Por isso, neste 14 de julho, em nossa luta contra a servidão voluntária à tirania da universidade operacional quero concluir com os versos de Castro de Alves:

Por isso na impaciência

Desta sede de saber,

Como as aves do deserto

As almas buscam beber…

Oh! Bendito o que semeia

Livros… livros à mão cheia

E manda o povo pensar!

O livro caindo n’alma

É germe – que faz a palma

É chuva – que faz o mar.

 

 

[1] A oposição entre instituição social e organização social como definição da universidade é proposta por Michel Freitag, que acompanha várias das idéias da Teoria Crítica da Escola de Frankfurt, em Le naufage de l’université.
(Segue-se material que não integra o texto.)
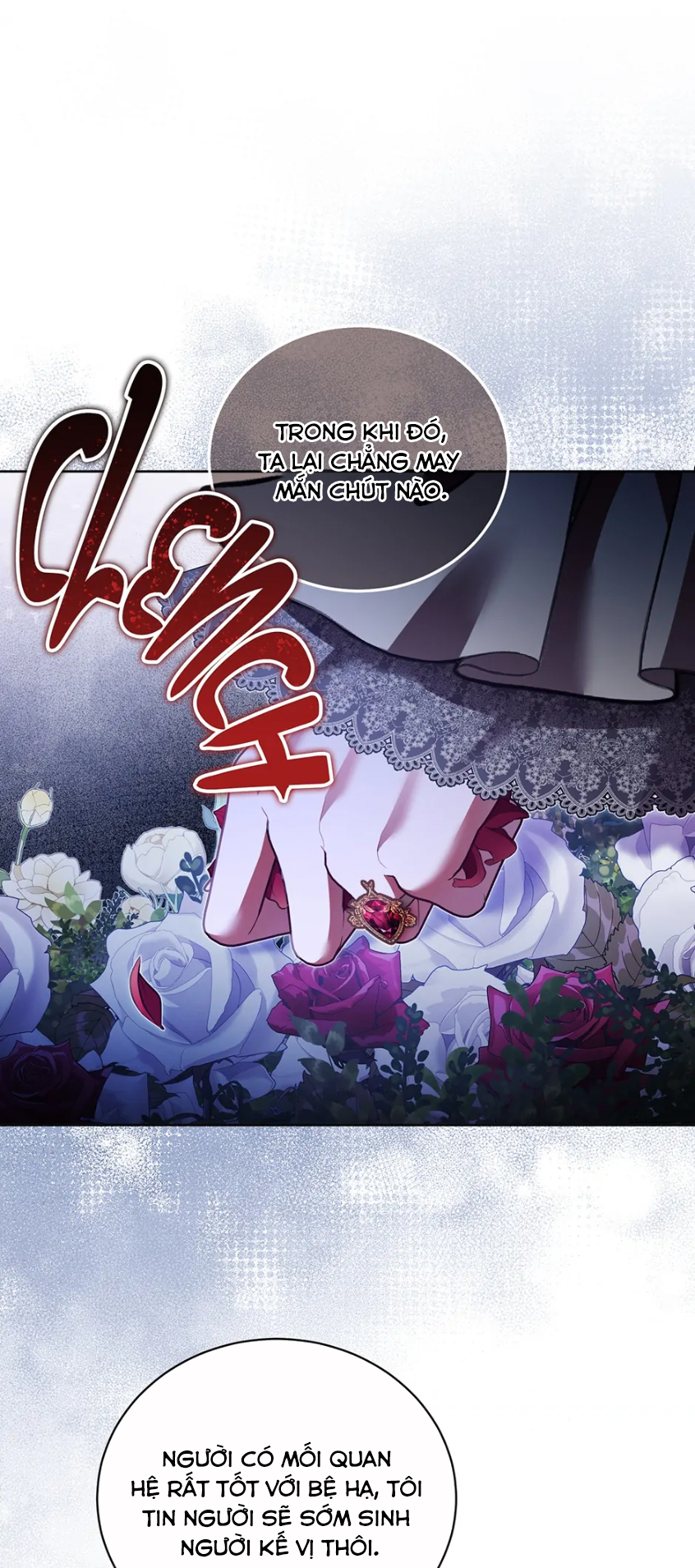 nhật ký chăm sóc đứa trẻ của nhân vật phản diện chapter 15 10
Aqui trabalharemos a partir dessa oposição feita por esse autor.

[2] Nesses dois governos, foi ampliada a rede universidades públicas federais (programa REUNI), foi criado o programa de bolsas de estudo universitário para jovens de famílias de baixa renda (PROUNI), e o programas de cotas universitárias para estudantes negros e aqueles vindos das escolas públicas do ensino secundário (ENEM), mudando a composição de classe social das universidades.